Toro y Moi truly emits inner and outer peace

Photo by Cecilia Piga

 

Toro y Moi takes me back to my years in high school: playing Tame Impala, MGMT and Toro y Moi in the yearbook room, lying on the grass with our heads in a circle, feeling whole with the world and one with my friends… yeah, I did that.

On Nov. 5 at Corona Theatre, Chaz Bear, aka Toro y Moi, aka Chazwick Bradley Bundick, brought this back.

Bear, who changed his name four years ago when he married Samantha Beardsley, feels fresh, composed and genuinely happy; he emits a gentleness. He sings, his eyes squint, a smile spreads across his face. Moving across the stage in a dance that feels characteristic of Childish Gambino.

Blissful. Real. Truly himself, in love with his music; a joy that rubbed off on the crowd.

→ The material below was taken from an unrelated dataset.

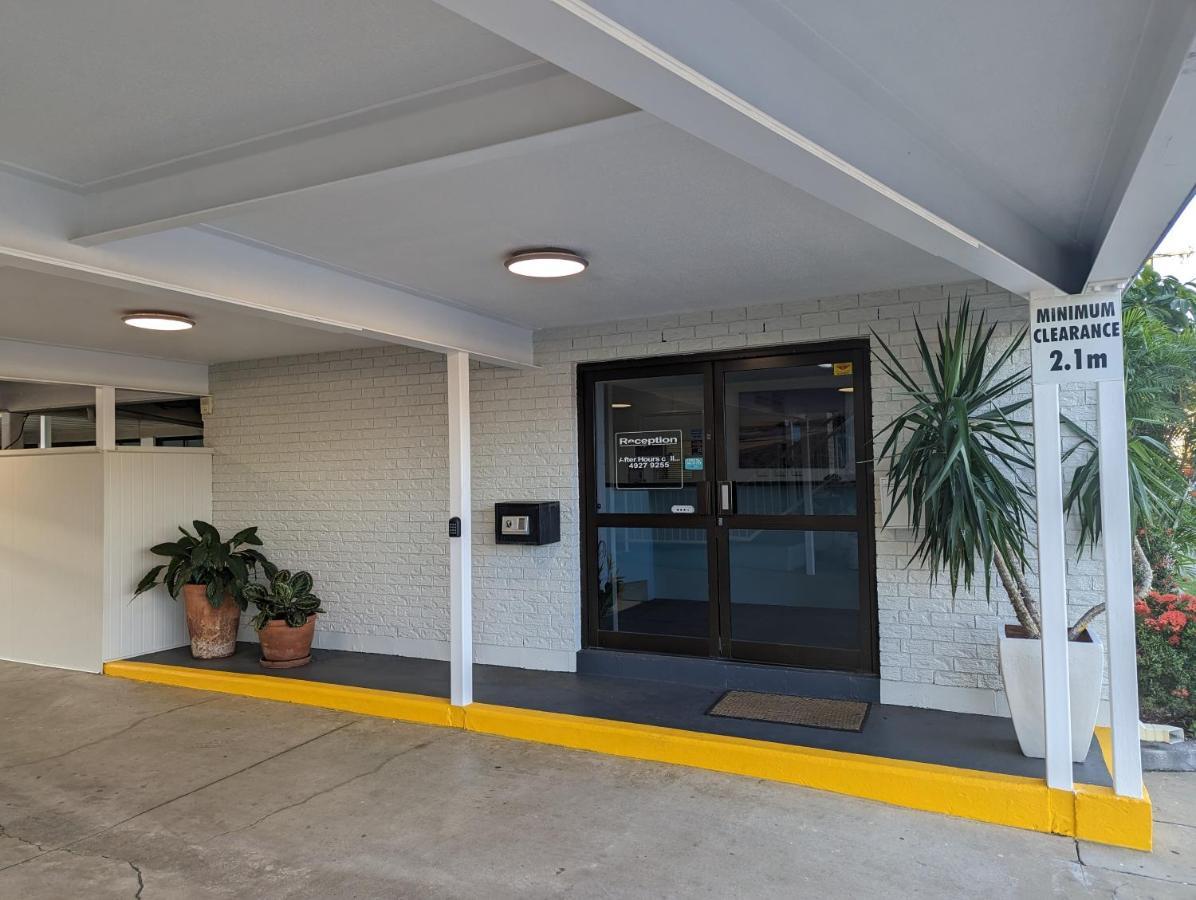 Y Motels Rockhampton Exterior photo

His band members feel very Portland – I’ve never been to Portland, any Portland, but that’s the vibe – complete with long shaggy hair, blundstones, thick socks, button down shirts and reusable canteen bottles. Bear wore an Everlane-esque get-up, mod wide-leg blue pants (not jeans), a black jacket, and a black mock neck, which he kept on the entire time – a rarity on stage. Performers usually strip halfway into the third song.

Photo by Cecilia Piga

The stage glows with simple, pleasing colours: pinks and purples, blues and greens, yellows, oranges, peaches… the instruments highlighted with bits of fluorescent orange tape scrawled with “TORO E MWA,” a translucent drum set of the same colour. His crisp lyrics linger, echoing not only in the theatre, but mashed up in my mind days after the show. 

You saved my life, I don’t want to be alone, I want somebody, I don’t have time for this weather… Die for my love… For a second I forgot who I was, I thought I was over you … now I don’t know who I am … I feel weak, uhuh… 

On Oct. 29, Toro y Moi released “Soul Trash,” a 30-minute long art film by the same name of a mixed tape released in January of last year. The duo moves away from simple lo-fi musician status and into the world of pure artistry. Sixteen minutes in, the film pauses to watch Bear, wearing a bucket hat, eat chips.

“I see two of you, I see one of me,” he says, pointing to the viewer, a photographer taking pictures of his reflection, I imagine. The whole thing is pretty obscure.

As though Bear was given a paintbrush, needle and thread to collage together this masterpiece, his new album, Outer Peace, feels authentic, not as laboured or crafted as I felt in some of his older albums. Now the poster child of chillwave, his music crosses boundaries, feeling very 70s indie pop with a sprinkle of some classic T-Pain autotune.

Outer Peace speaks to finding satisfaction, oneness and peace out in the world, rather than just within. Whether in blending genres, dance, work or just being present in a social environment… there’s no one way to find that.